The regional administration and local government officers in respective regions and districts were consulted before the beginning of the interview to obtain a research permit. The verbal consent was established before the interview by following the code of ethics, such as clarity of objectives and respect for cultural norms. The code of ethics was adapted from the International Society of Ethnobiology (ISE 2006/2008), available on the website http://ethnobiology.net/code-of-ethics. The potential participants from each village were involved in the research discussion so that they understood the goal and the possible outcome of the study. The researcher allowed the participants to ask questions about the information gathered during data collection.

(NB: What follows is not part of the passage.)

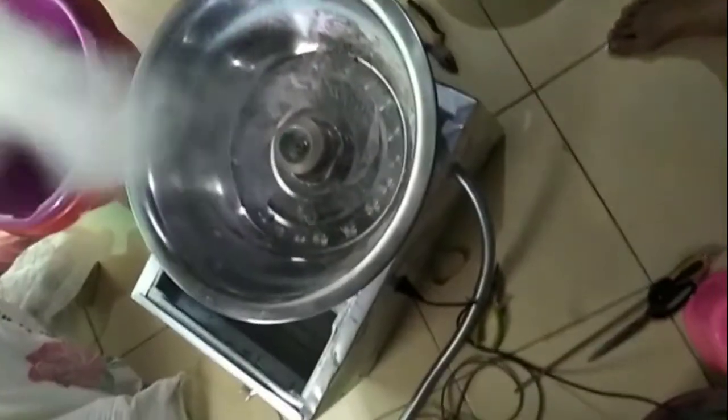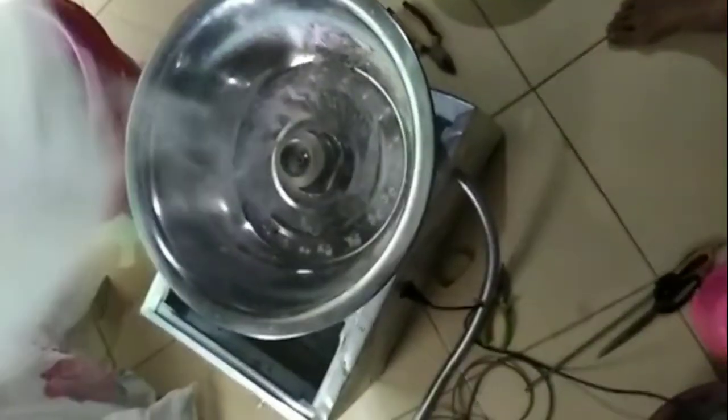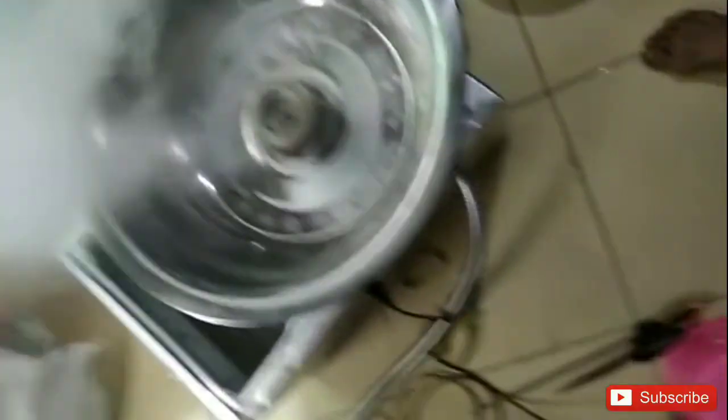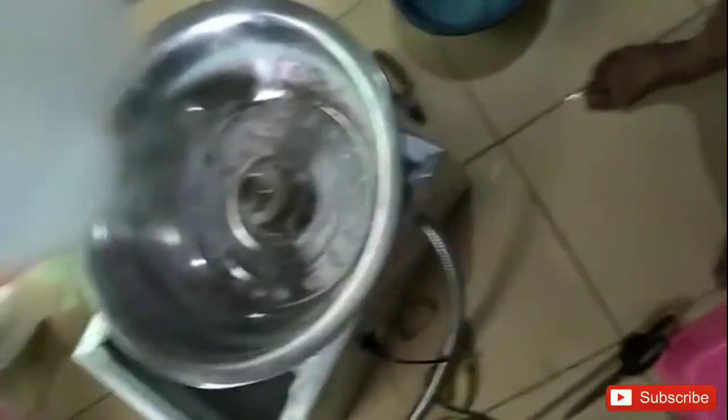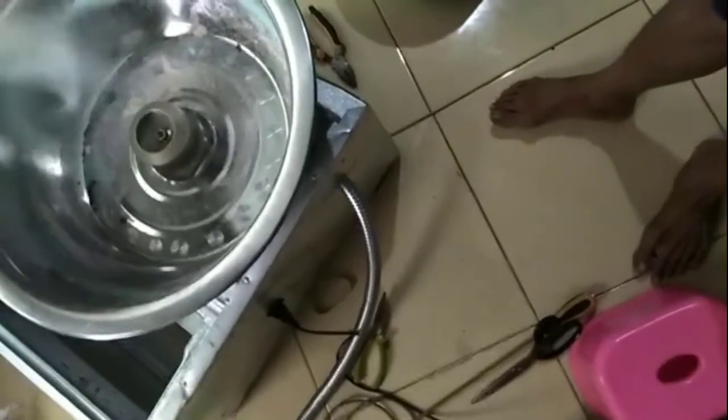Nah ini hasilnya sudah keluar — gula harum manisnya sudah naik ke atas, jadi mudah menggulungnya, hasilnya cukup bagus. Karena putaran dinamonya ini sangat kencang. Alat ini bisa dibawa-bawa karena pakai aki 12V.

Finally, the researcher asked the potential participants if they would like to participate in the study. The participants were assured of the confidentiality of the information collected from the survey, and their identity or personal information would not be revealed in any publication that may result from the study. The method allows phase-to-phase communication, providing ample time for participants to ask questions and get real-time clarification of the study before providing their voluntary agreement to participate.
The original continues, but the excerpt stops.